Barrett Browning’s lovely poem stays within the confines of what is called a sonnet. A fixed verse form, a sonnet must have fourteen lines and is typically iambic pentameter and has a prescribed rhyme theme.
But poetry doesn’t have to follow a prescribed format. It doesn’t have to have a rhyme scheme as in a sonnet. It doesn’t have to have a certain number of syllables per poem or per line as in Haiku ( three lines and 17 syllables) or a Nonet (9 line poem with a syllable count per line of 9–8–7–6–5–4–3–2–1).
Poetry can be so many different things to different writers, it can sometimes be elusive to define. Twenty-first century writers are blurring the definition of prose and poem, nonfiction and fiction. Personally, I like that. I don’t want everything to fall into neat categories.

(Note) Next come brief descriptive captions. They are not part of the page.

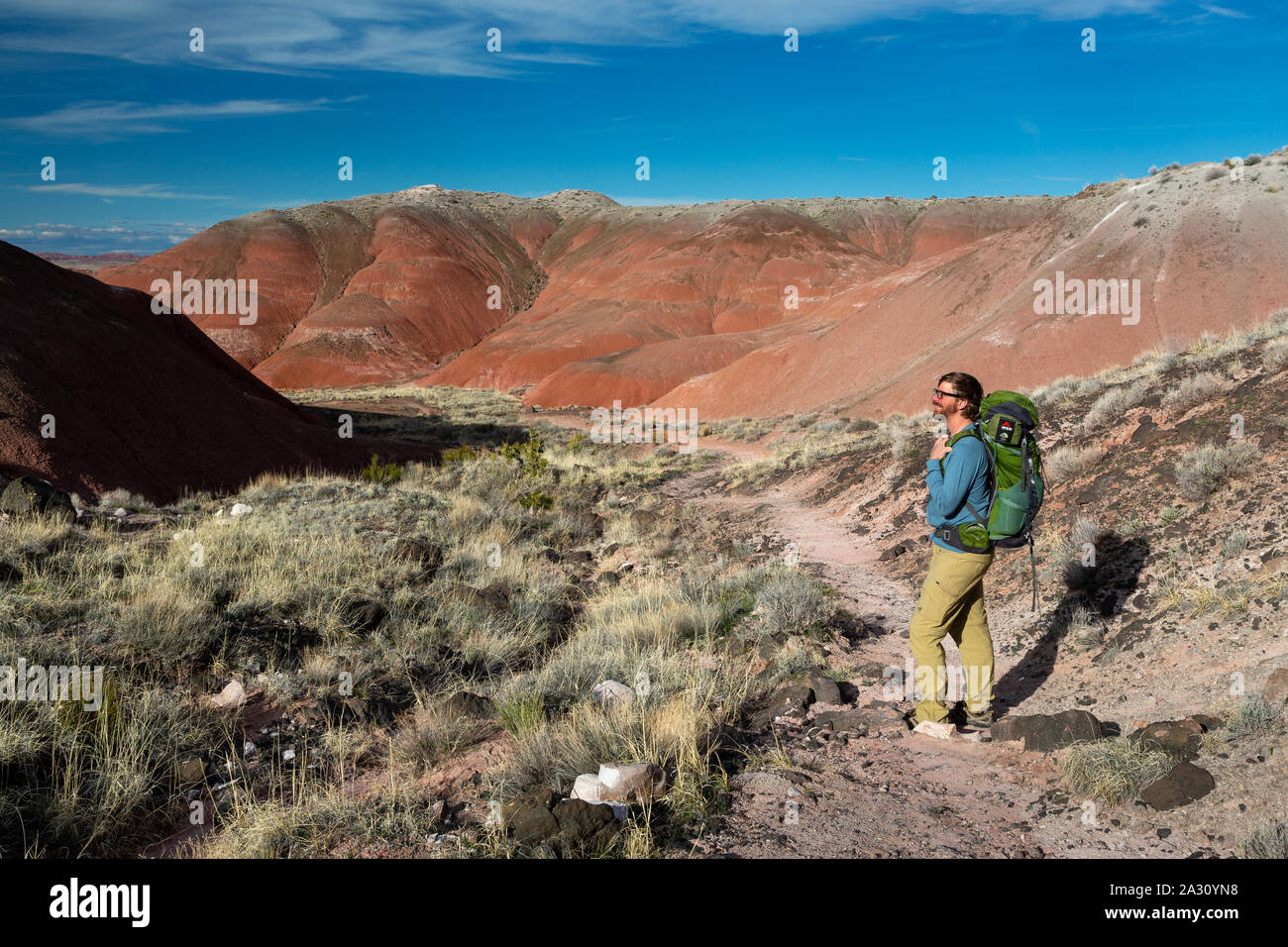 Un backpacker scendendo il Sentiero da Kachina punto verso il Deserto Dipinto Wilderness Area. Parco Nazionale della Foresta Pietrificata, Arizona Foto Stock
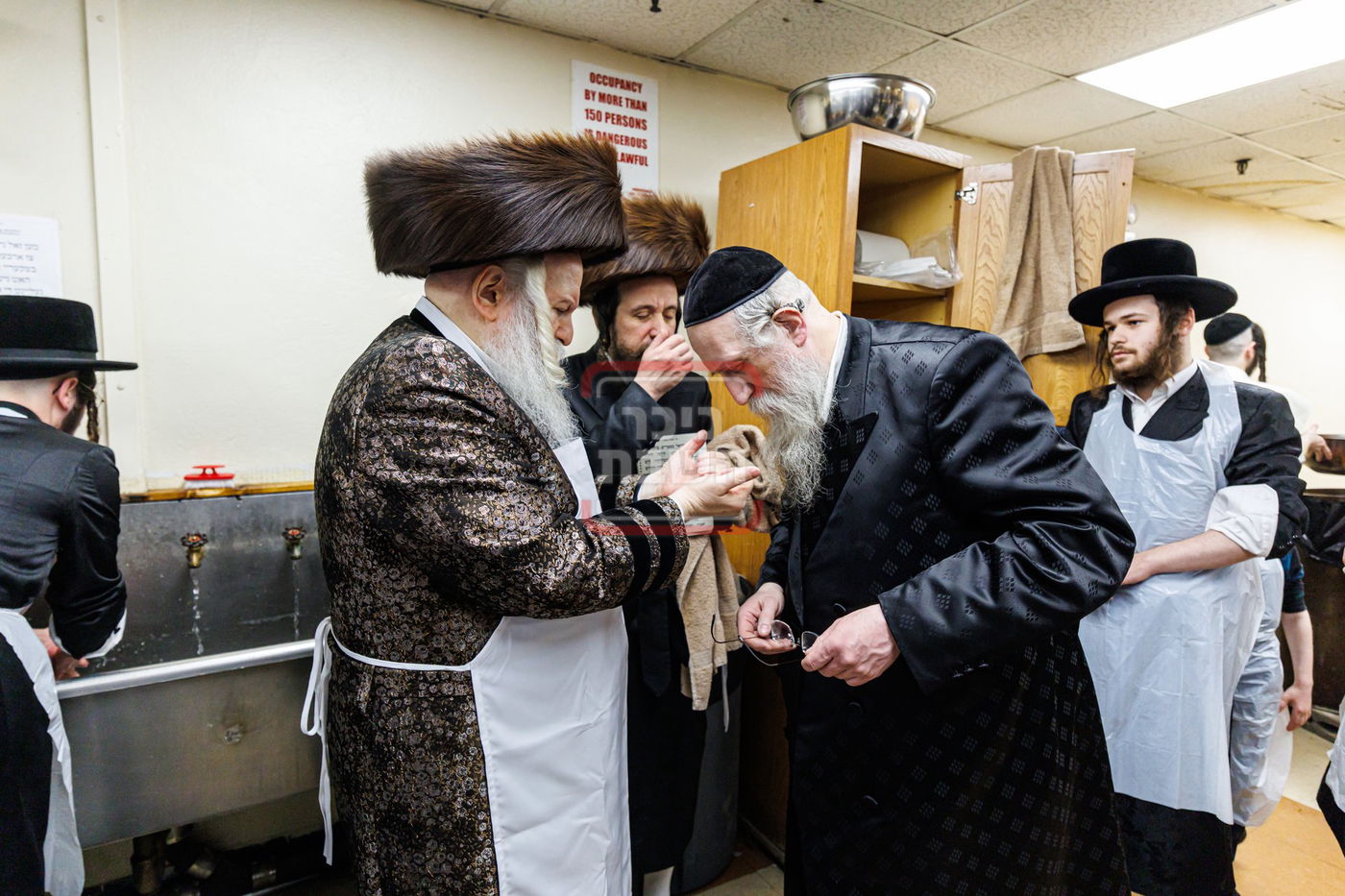 חג הפסח בחצה"ק באבוב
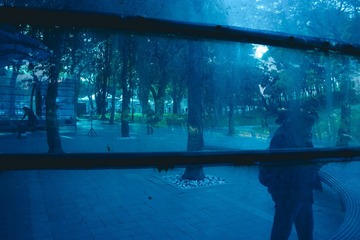 1000012264
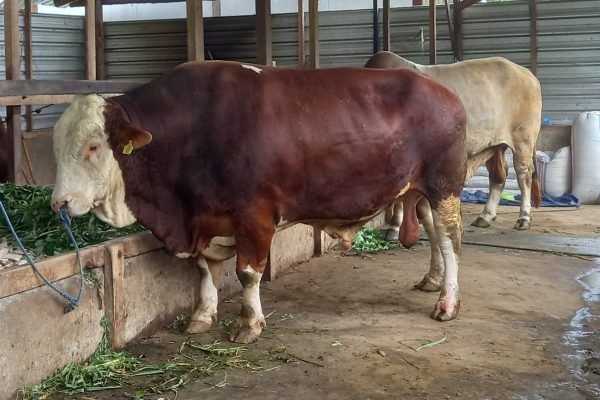 Hewan Qurban milik salah satu peternak di Lombok Utara. (Foto. kicknews.today/Anggi)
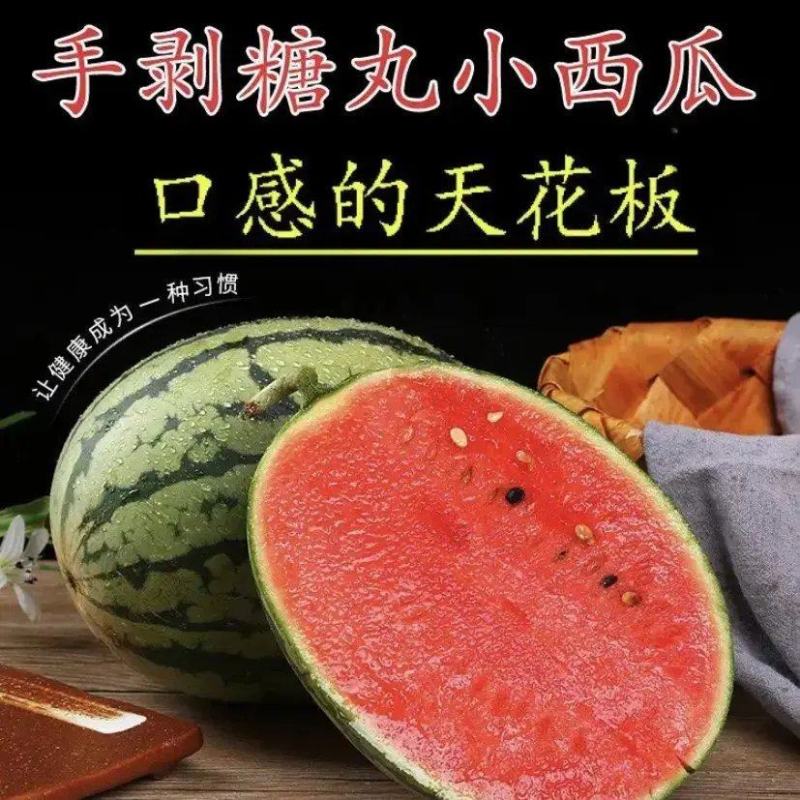 吊兰西瓜小糖丸西瓜全美2K早春红玉供应全国档口商超社团电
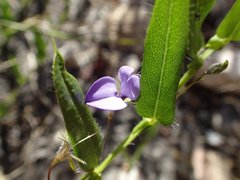 Psoralea asarina
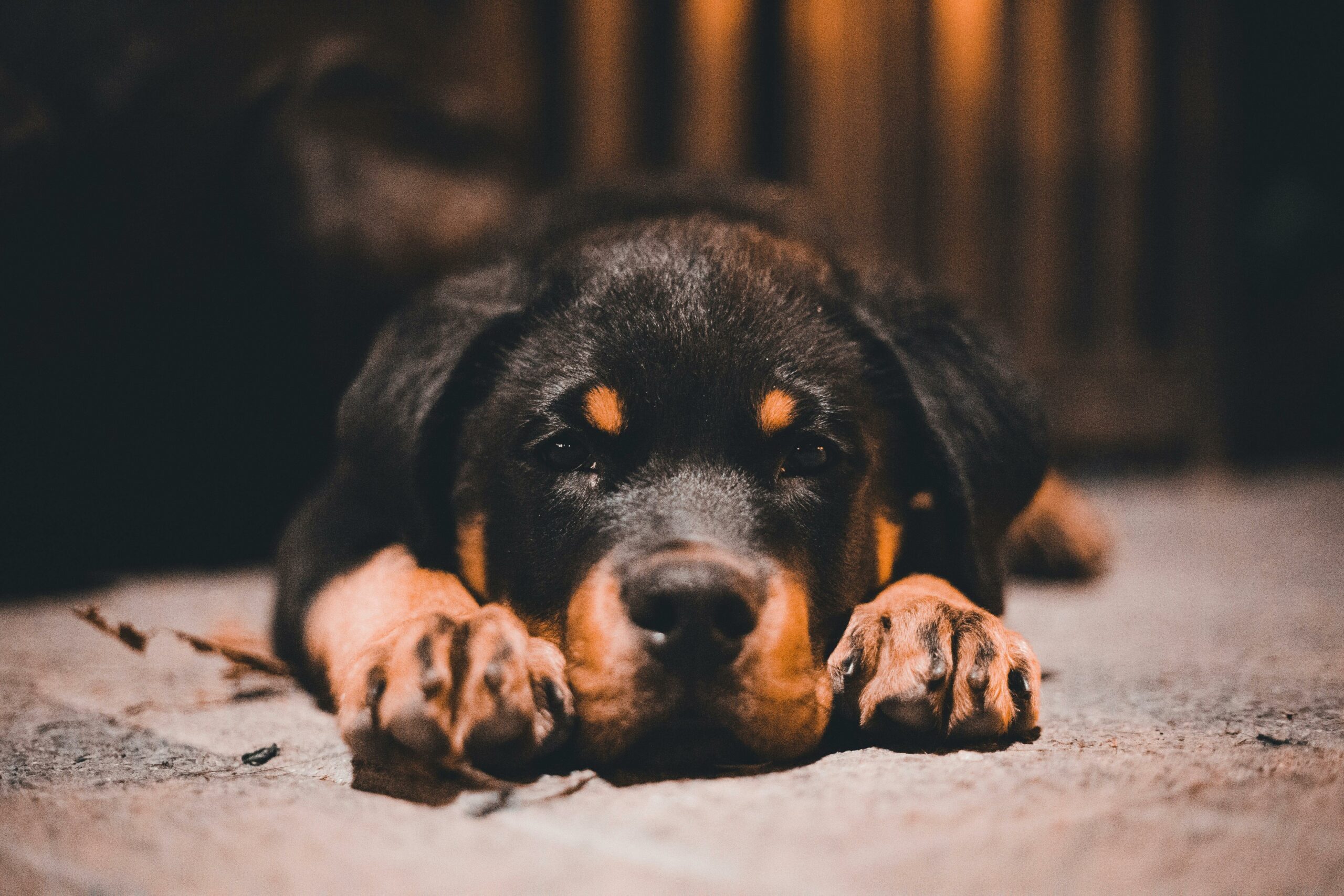 Fear Free Certified Professional Trainer Your Happy Dog Coach client Testimony Yarmouth Nova Scotia Photo by Erik Mclean: https://www.pexels.com/photo/close-up-of-a-rottweiler-12727640/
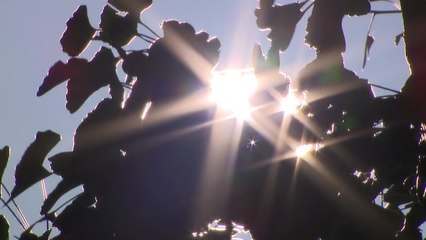 [날씨] 기온 오름세, 점차 여름으로...한낮 자외선·오존 주의 / YTN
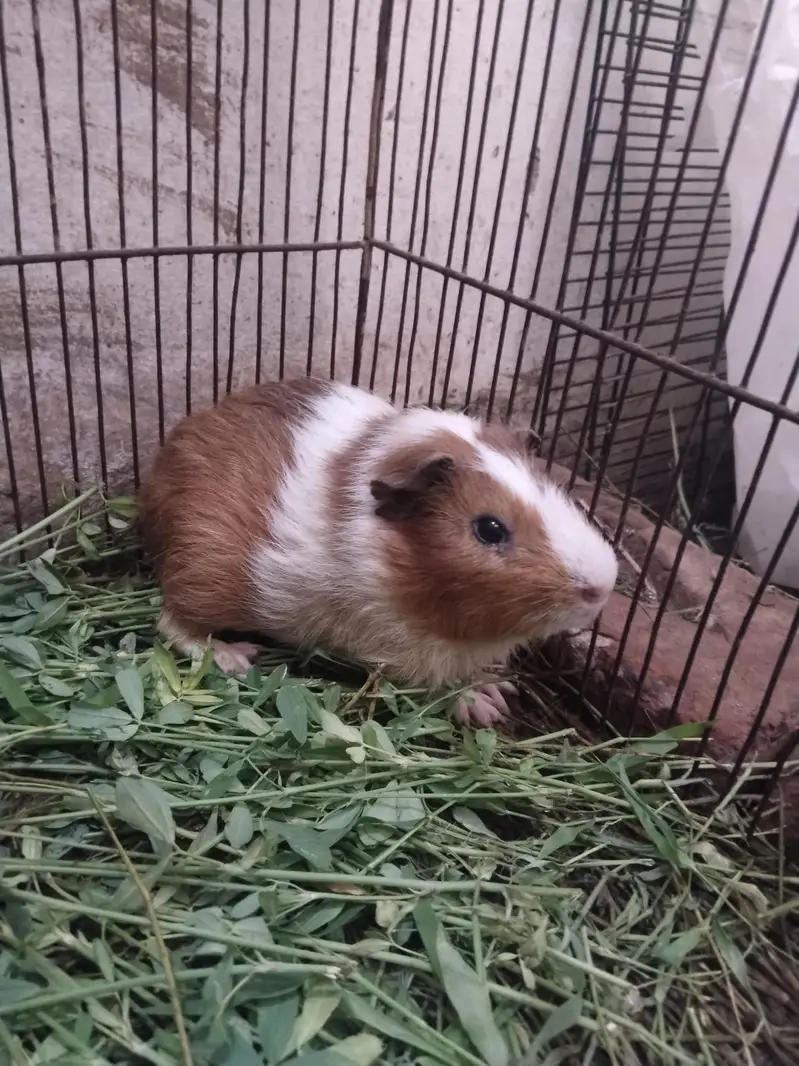 guinea pig breeder pair — photo 2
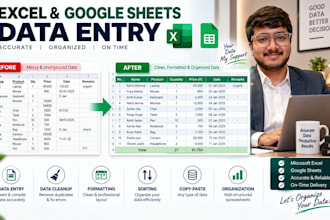 do accurate excel data entry and spreadsheet formatting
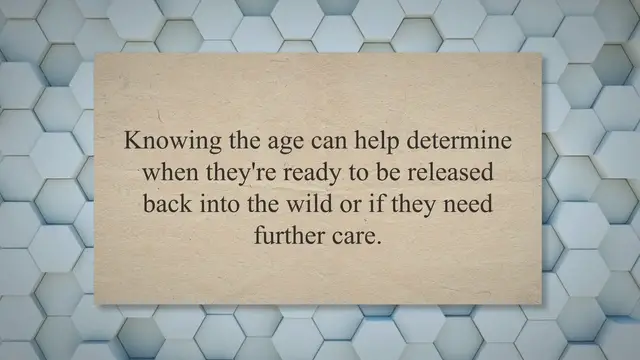 Video thumbnail for Cracking the Code: A Guide to Determining the Age of Baby Pigeons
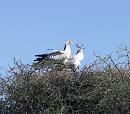 Click image for larger version. 

Name:	Secretary Birds 3.JPG 
Views:	267 
Size:	233.2 KB 
ID:	16070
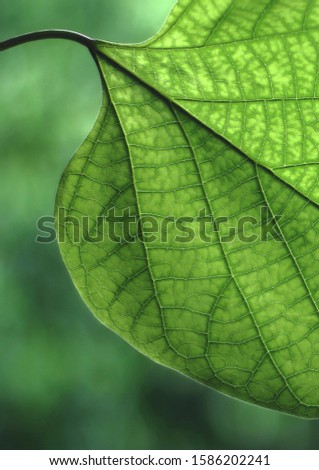 leaf abstract photography,selective focus,conceptual background
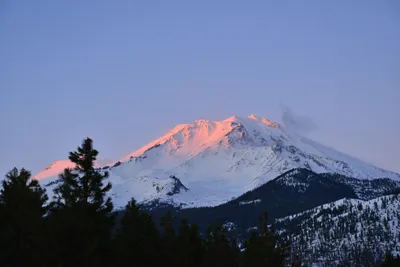 DSC_5973 (Large).JPG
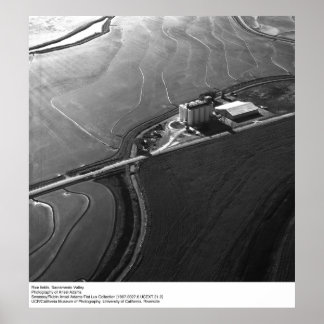Ris Fält, Sacramento Valley, av Ansel Adams Poster
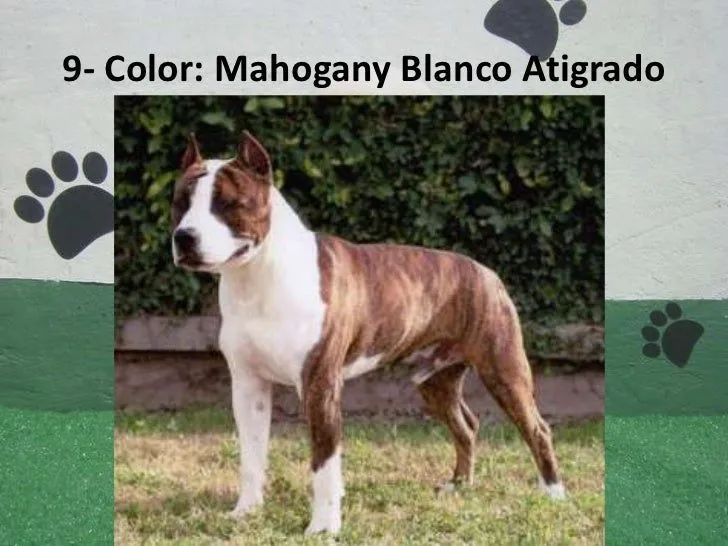 colores-en-los-pit-bull-10-728 ...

Poetry doesn’t have to rhyme but it does have rhythm. When I’m writing sentences I constantly think about rhythm and I think about how the words sound, next to each other. Are the consonants hard or soft. Is there intentional repetition? Write your own poem or among all the wonderful poems out there, find one that resonates with you. Looking for a poem about love? Here is a poem (click on the link below) that approaches the subject of love from an entirely different vantage point. “when calculus is enough” by contemporary poet Robert Fleming. Here, Fleming borrows mathematical notations and uses equations. Which leads me to the subject of what is called Found Poetry. (The first in the three poems the selection link takes you to the online publication Synchronized Chaos)
I could write on and on about this subject of different types of poems, configurations and shapes, but in this blog I’m going to focus on what is generally called “Found Poetry.” Using “found material” does not have to be limited to poetry, it also works well with prose. I posted on the subject of the Hermit Crab Essay in another blog a few months ago, and the Hermit Crab Essay can easily use found materials. In a piece of Flash fiction ot Flash nonfiction, “the list” is another way to use found material. For example, the items on a shopping list can tell a story by inference. Theoretically this might be a list you found and are borrowing .
In reference specifically to poetry, the general definition for found poetry is that it takes existing texts such as other poems, street signs, graffiti, newspaper articles, letters, speeches and refashions them into poems. Think of a Found poem as a collage. In some instances, as a hybrid form, poets do a combination of found materials and original text. Perhaps you might have seen what is called Blackout poetry, a form of Found poetry. I’ve created an example below, using the How Do I Love Thee? sonnet.
Blackout poetry: is a form of found poetry in which the poet takes an existing work-an article, a short story, or even another poem-and uses a pen or marker to black out certain lines, words, or phrases to reinterpret the original work.
Erasure poetry: is very similar. Replace the black pen with white-out to completely cover the words you wish to eliminate.
Cut-up poetry: literally enables you to make a collage with other people’s words by rearranging them to create new meanings.
A more intricate and complex form of the creative use of found materials in a poem is demonstrated in “Truest Hungers” by Ellis Elliot.
As noted by the Elliot, “This poem is a combination of Found Poems from the text of the book The Boy in the Moon: A Father’s Journey to Understand His Extraordinary Son by Ian Brown and original atypical haiku in italics is intended as a type of “call and response.” Please note that the link will take you to three poems published in The Spotlong Review, and “Truest Hungers” is the third poem.
Going back to the Roses are Red poem, and using the original Old English version, it is possible by selectively re-arranging the words to create something more pleasing.
You
A red rose with thorns.
Me
Blue without you.
Together
Two Valentines.
We stick together
Like Honey
Our lives remarkably sweet.
Happy Valentine’s Day everyone. Writers: You have your prompt! Take a poem, or a story, or a bunch of advertising slogans and with scissors, black ink or white-out, create something you like.